----- Available records -----

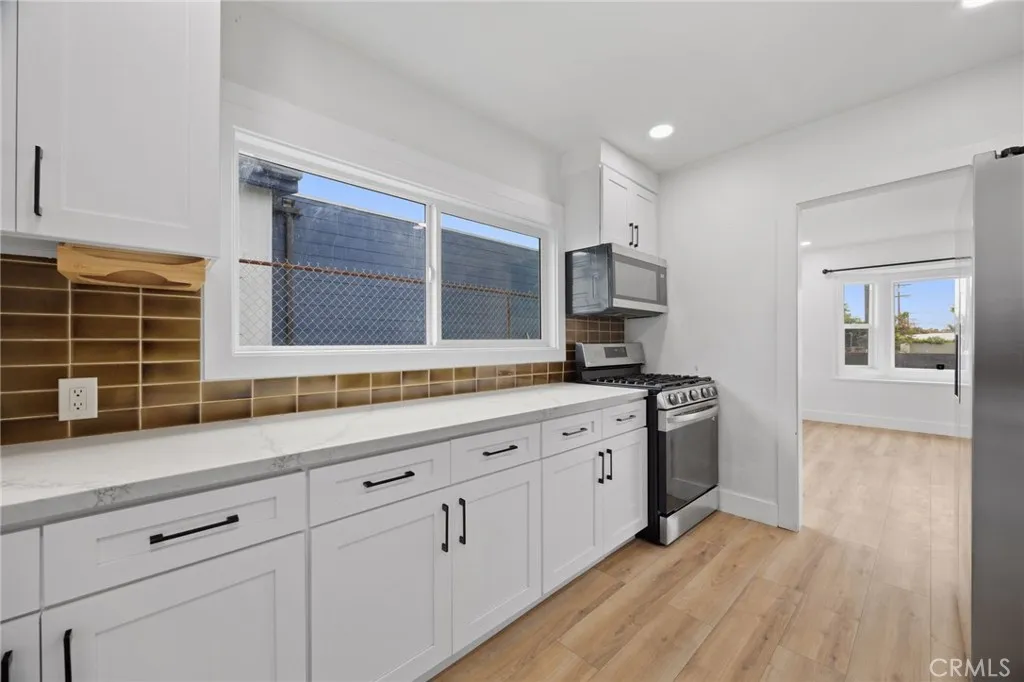 Los Angeles, California 90061, United States, 3 Bedrooms Bedrooms, ,1 BathroomBathrooms,Residential,Active,119537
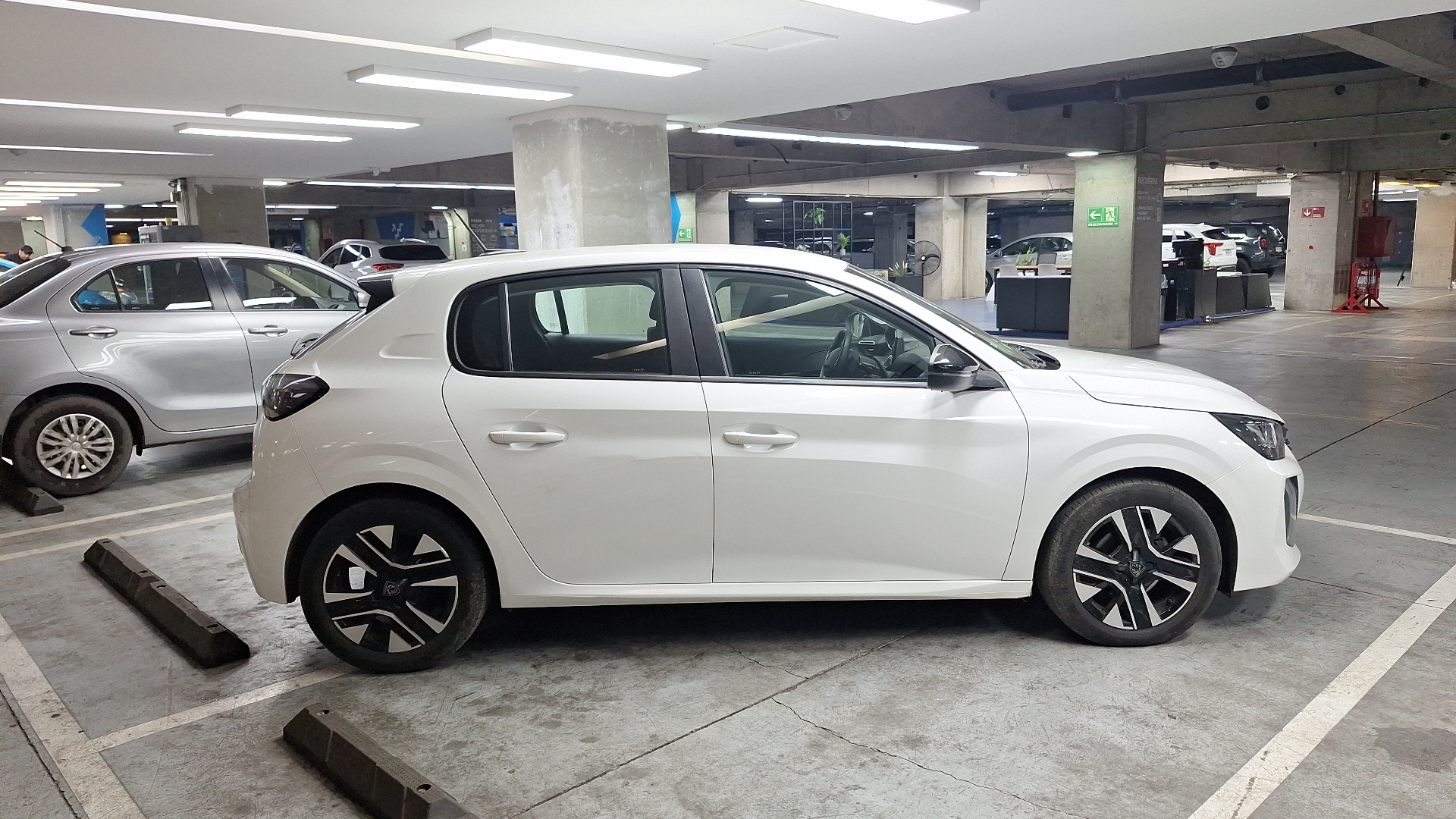 Peugeot 208 — foto 5 de 14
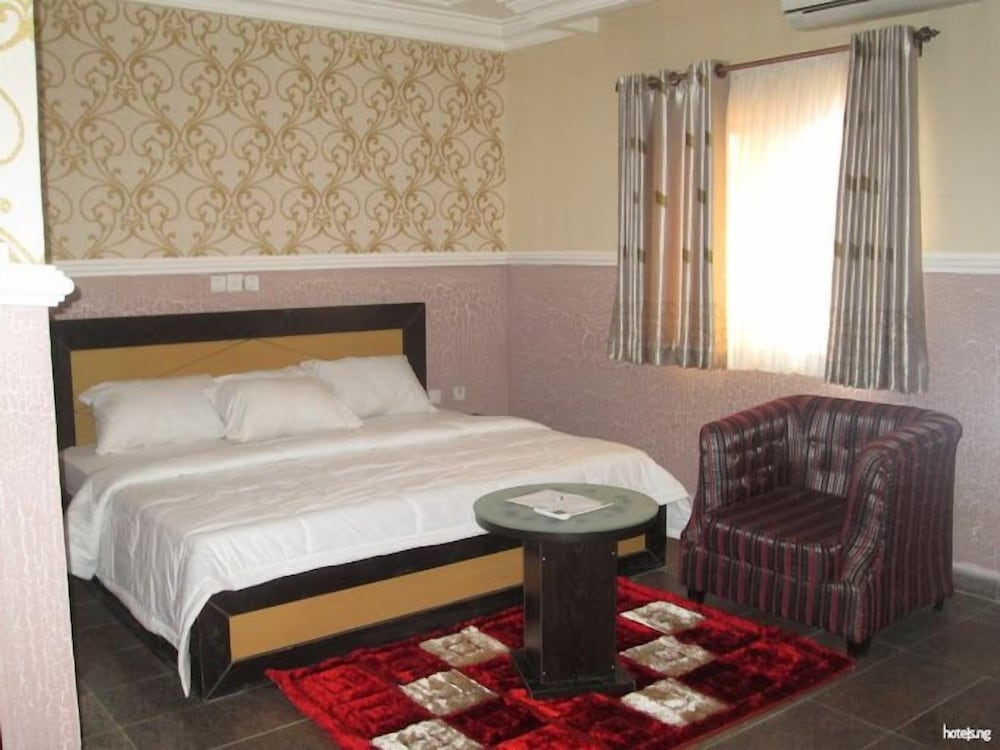 Deluxe Room, Balcony, City View photo 1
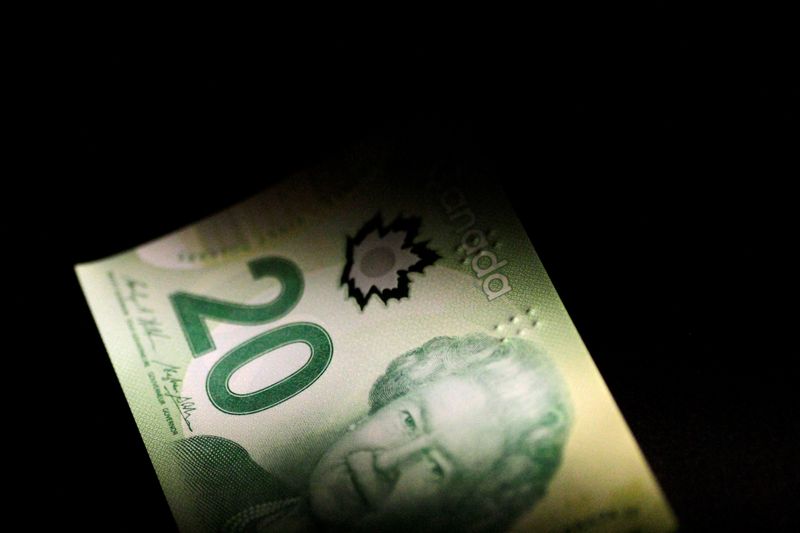 © Reuters. FILE PHOTO: A Canada Dollar note is seen in this June 22, 2017 illustration photo. REUTERS/Thomas White/Illustration/File photo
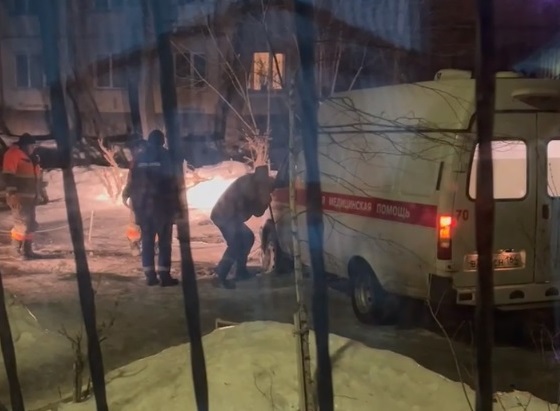 Жители Саратова выталкивали «скорую» из ледяной колеи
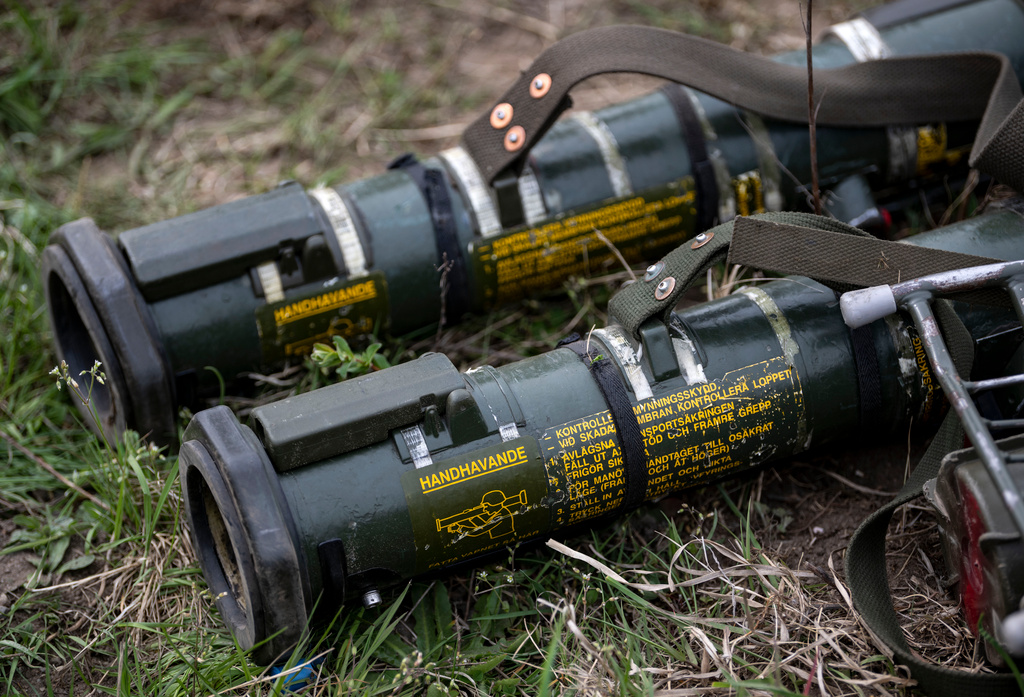 Bilder visar att svenska vapen används i krigshärjade Sudan, rapporterar Sveriges radio Ekot.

-----

Task brief.
Restate word for word every line from the top of the entries above to the line with "REUTERS/Thomas White/Illustration/File photo", inclusive, and skip any pictures.

Result for this exercise.
 Los Angeles, California 90061, United States, 3 Bedrooms Bedrooms, ,1 BathroomBathrooms,Residential,Active,119537
 Peugeot 208 — foto 5 de 14
 Deluxe Room, Balcony, City View photo 1
 © Reuters. FILE PHOTO: A Canada Dollar note is seen in this June 22, 2017 illustration photo. REUTERS/Thomas White/Illustration/File photo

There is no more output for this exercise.